Our research group is primarily focused on computational material science using Density Functional Theory (DFT). DFT is a widely used approach in materials science to understand the electronic structure of materials and predict their properties.
Within this field, our group has expertise in several areas including energy materials, interfaces, photocatalysis, hydrogen evolution reaction, and topological materials. Energy materials are materials that are designed to store or release energy for use in various applications. They are critical components of many modern technologies, from batteries and fuel cells to solar cells and supercapacitors. Energy materials can be broadly classified into two categories: those that store energy (such as batteries) and those that generate energy (such as solar cells). Interfaces are the boundary regions between two different materials, and they play a critical role in determining the properties of materials. Photocatalysis involves using light to drive chemical reactions, and hydrogen evolution reaction (HER) is a process that generates hydrogen from water using renewable energy sources. Topological materials are a class of materials that have unique electronic properties due to their topology.

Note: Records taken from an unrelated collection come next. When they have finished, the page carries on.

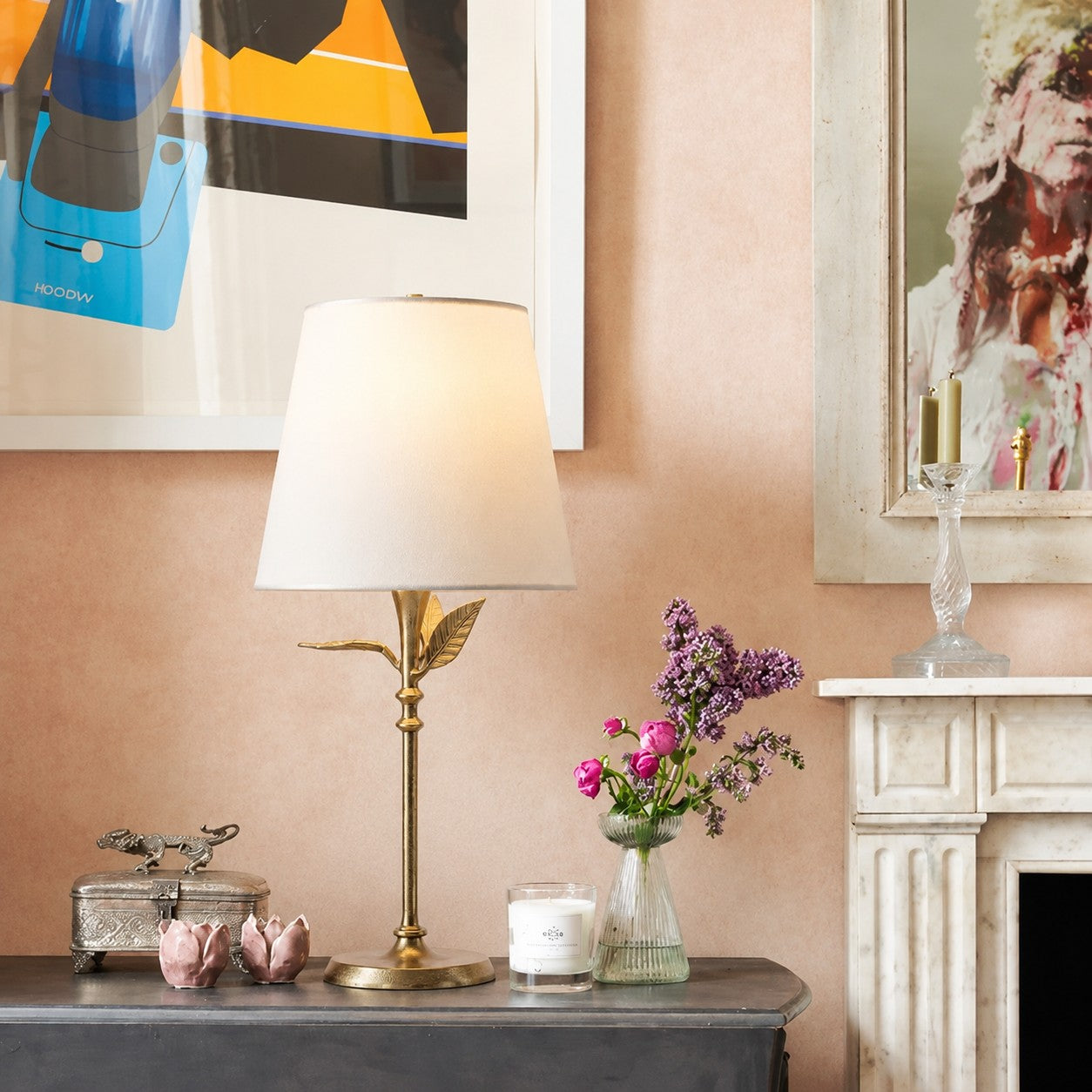Botanical table lamp on a charcoal console by a mantel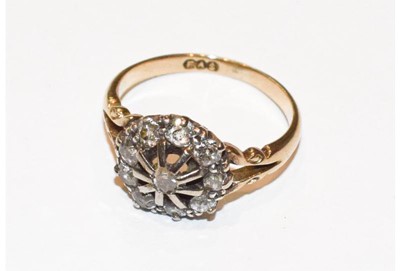 Lot 261 - A diamond cluster ring, finger size M
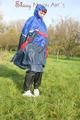 Jill wearing supersexy shiny nylon rainwear and a rain cape posing outdoor in the field (Pics)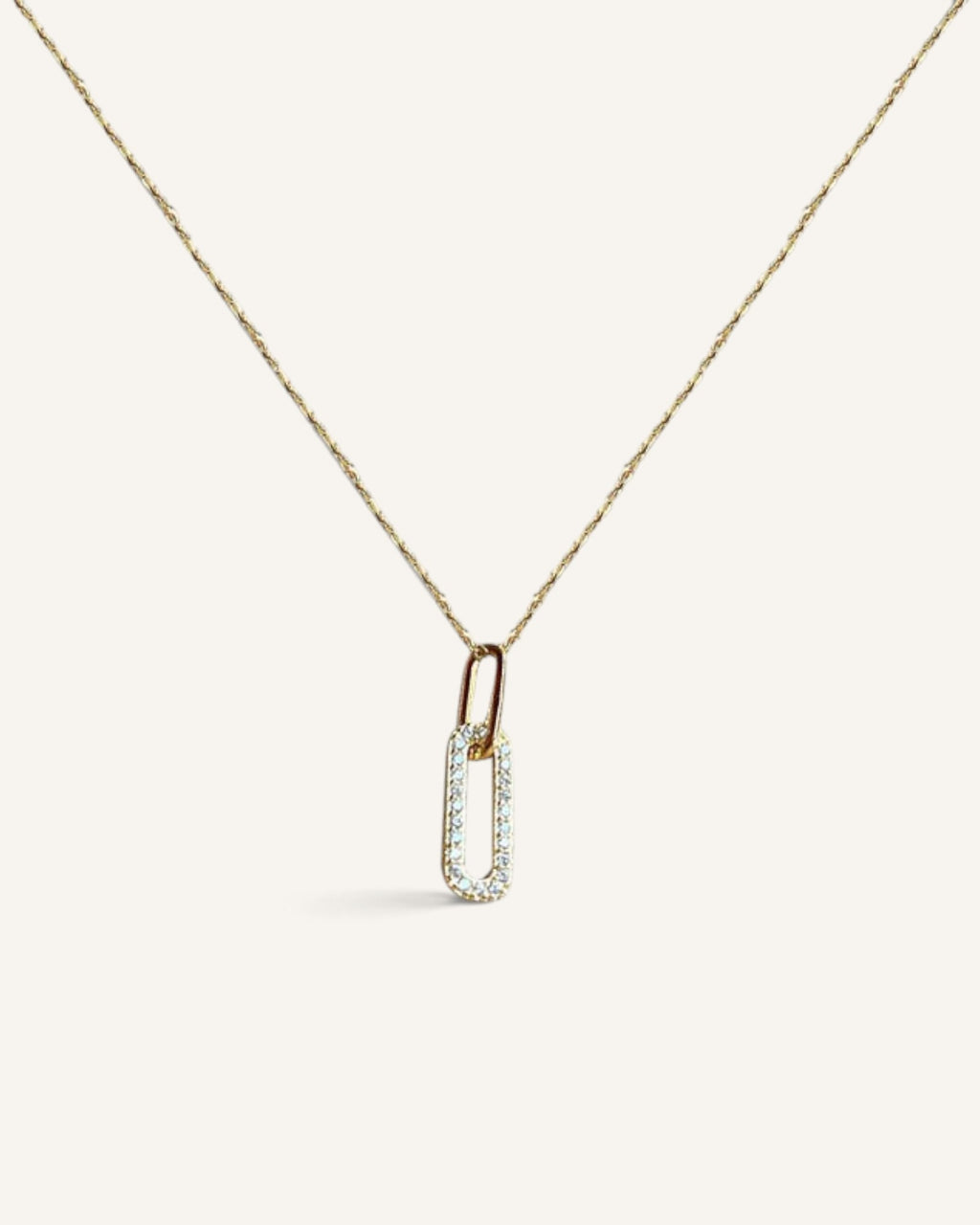 Lunéra de Paris gold geometric pendant necklace with pavé stones on a delicate adjustable chain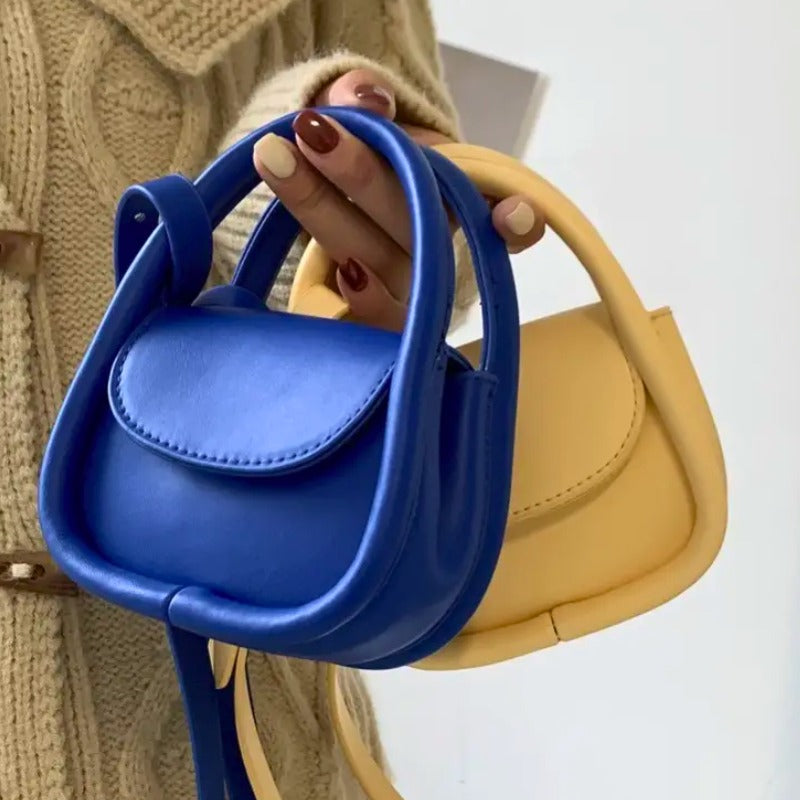 Elegant women's leather crossbody with snap closure, a perfect small everyday bag.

In addition to computational work, our group also conducts experimental studies on earth-abundant thin film solar cells. Thin film solar cells are a promising technology for renewable energy generation, as they offer a cost-effective and lightweight alternative to traditional solar cells. By using earth-abundant materials, our group aims to develop sustainable and environmentally friendly solar cells that can help reduce our dependence on fossil fuels.
Overall, our research group is dedicated to advancing our understanding of materials science and developing new materials with useful properties for a wide range of applications.